Let us start with how it works normally. In some systems (just like PI itself), when you configure a SOAP client, you have an option to provide a username and password to authenticate the call. These user credentials are then used every time the system tries to connect to the web service. This is the most standard approach and I would generally recommend this option every time the sender system can handle it.

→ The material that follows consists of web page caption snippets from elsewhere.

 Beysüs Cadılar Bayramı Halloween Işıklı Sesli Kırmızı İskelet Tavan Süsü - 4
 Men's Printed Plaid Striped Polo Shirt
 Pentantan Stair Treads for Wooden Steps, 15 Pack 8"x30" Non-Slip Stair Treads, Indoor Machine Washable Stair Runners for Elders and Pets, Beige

But sometimes, you just do not have an option to provide the user credentials in the sender system. This is where people start to look for workarounds. There are two of them that I know of:
- Posting the SOAP call directly to Integration Engine and putting the username and the password in the SOAP call URL. This approach was described by Stefan Grube in one of his blogs here: http://www.sdn.sap.com/irj/scn/weblogs?blog=/pub/wlg/4502.
As a result, you post your SOAP calls to the following URL for SOAP calls:
- Disabling Sender SOAP authentication, as described in details by William Li in this forum message:
Frankly speaking, none of these solutions seems acceptable for me. Putting user credentials in the URL is a serious violation of the company’s security policy. As a result, I would say this is definitely not a recommended solution. And it is even worse with disabling the authentication totally, because in current PI versions you can only disable the authentication at the adapter level (not for a particular communication channel). So you immediately make your PI very vulnerable.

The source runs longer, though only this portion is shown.